To set the seal on this agreement, the two men agreed on a dynastic marriage: Victor Emmanuel’s eldest daughter, the Princess Clotilde, should be espoused to the Emperor’s cousin, Prince Napoleon. When this engagement was announced there were many–especially in Piedmont–who threw up their hands in horror. The princess was a highly intelligent, pious and attractive girl of fifteen; her fiancé–universally known as Plon-Plon–a well-known and slightly ridiculous
roué
of thirty-seven. Victor Emmanuel, who had apparently not been consulted in advance, made no secret of his displeasure and left the final decision to Clotilde herself. It says much for her sense of duty that she agreed to go through with the marriage–which, to everyone’s surprise, proved to be a not unhappy one.

         

 

The wedding ceremony took place at the end of January 1859, while France and Piedmont were actively–and openly–preparing for war. Soon afterwards Napoleon III began to have second thoughts about the whole affair–to the dismay of Cavour, who was well aware that his country could not possibly tackle Austria alone. Worse still, Britain, Prussia and Russia were now talking of a possible international congress, which would almost certainly involve the voluntary disarmament of Piedmont. Cavour, in short, was staring disaster in the face. He was saved in the nick of time by Austria herself, which sent an ultimatum to Turin on 23 April demanding that very disarmament within three days. Austria had now declared herself the aggressor; Napoleon could no longer hope to wriggle out of his commitments and did not attempt to do so. He ordered the immediate mobilisation of the French army. Of its 120,000 men, one section would enter Italy across the Alps while the rest went by sea to Genoa.
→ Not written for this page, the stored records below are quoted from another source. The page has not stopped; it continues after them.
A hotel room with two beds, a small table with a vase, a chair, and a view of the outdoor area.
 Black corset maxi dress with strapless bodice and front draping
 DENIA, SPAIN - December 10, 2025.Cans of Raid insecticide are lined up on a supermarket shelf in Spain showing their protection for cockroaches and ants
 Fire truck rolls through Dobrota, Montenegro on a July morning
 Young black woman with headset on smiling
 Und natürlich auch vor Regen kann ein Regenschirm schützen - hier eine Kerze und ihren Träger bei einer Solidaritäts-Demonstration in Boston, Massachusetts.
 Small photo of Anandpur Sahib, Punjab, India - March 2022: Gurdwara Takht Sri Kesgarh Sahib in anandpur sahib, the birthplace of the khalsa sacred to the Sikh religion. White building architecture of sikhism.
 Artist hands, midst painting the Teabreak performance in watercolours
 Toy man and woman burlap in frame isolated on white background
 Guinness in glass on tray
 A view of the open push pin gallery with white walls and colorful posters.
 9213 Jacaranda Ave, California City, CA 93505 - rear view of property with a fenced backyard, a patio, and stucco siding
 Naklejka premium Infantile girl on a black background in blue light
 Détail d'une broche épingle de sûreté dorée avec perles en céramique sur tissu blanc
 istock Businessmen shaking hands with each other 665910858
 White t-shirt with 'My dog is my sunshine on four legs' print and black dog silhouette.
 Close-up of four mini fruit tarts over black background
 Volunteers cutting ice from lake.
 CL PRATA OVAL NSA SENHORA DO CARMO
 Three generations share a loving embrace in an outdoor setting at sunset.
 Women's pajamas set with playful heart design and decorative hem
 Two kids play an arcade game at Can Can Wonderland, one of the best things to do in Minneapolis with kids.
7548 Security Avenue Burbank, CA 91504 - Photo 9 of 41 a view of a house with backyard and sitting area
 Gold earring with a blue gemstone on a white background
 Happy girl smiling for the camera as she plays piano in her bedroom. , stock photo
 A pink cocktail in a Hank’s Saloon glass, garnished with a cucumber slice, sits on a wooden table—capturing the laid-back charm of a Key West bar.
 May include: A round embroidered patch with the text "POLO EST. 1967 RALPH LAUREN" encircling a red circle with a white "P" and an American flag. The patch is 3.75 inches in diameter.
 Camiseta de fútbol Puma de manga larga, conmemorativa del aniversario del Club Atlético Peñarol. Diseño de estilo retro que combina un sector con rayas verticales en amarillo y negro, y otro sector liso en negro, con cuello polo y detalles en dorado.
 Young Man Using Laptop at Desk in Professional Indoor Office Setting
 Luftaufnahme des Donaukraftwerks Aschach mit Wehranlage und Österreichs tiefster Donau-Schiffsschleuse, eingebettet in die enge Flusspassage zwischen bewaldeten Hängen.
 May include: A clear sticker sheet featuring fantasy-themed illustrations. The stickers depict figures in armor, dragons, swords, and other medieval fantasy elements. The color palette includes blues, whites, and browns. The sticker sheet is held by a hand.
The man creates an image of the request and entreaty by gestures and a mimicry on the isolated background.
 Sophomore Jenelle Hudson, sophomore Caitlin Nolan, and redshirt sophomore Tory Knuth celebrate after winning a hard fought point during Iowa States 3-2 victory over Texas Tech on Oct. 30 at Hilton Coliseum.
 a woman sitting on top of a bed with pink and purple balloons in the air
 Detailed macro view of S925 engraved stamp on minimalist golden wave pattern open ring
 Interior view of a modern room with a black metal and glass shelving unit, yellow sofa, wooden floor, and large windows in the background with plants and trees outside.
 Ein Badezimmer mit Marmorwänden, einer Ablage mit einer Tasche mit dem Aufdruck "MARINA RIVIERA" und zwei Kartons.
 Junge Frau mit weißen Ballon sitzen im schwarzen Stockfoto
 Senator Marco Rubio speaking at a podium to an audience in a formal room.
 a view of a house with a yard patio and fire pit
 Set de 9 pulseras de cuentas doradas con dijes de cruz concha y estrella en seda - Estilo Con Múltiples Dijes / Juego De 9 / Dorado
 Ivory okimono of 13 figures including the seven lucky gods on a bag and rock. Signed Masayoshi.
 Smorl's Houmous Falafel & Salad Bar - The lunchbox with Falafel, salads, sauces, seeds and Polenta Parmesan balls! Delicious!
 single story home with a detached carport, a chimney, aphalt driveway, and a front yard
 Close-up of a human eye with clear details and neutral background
Cavour was well aware that all this would take time; meanwhile, the Austrians were already on the march. For at least a fortnight, the Piedmontese would have to face the Austrians alone. It was a daunting prospect; fortunately he was saved again–this time by torrential rains and dissension over strategy within the Austrian staff. The consequent delay gave time for the French to arrive, led by the Emperor himself who, landing at Genoa on 12 May, for the first time in his life took personal command of his army. It was on 4 June that the first decisive battle took place–at Magenta, a small village some fourteen miles west of Milan, where the French army, fighting alone under General Marie-Patrice de MacMahon–whom Napoleon subsequently promoted to marshal and made Duke of Magenta–defeated an Austrian army of 50,000. Casualties were high on both sides, and would have been higher if the Piedmontese, delayed by the indecision of their own commander, had not arrived some time after the battle was over. This misfortune did not, however, prevent Napoleon and Victor Emmanuel from making a joint triumphal entry into Milan four days later.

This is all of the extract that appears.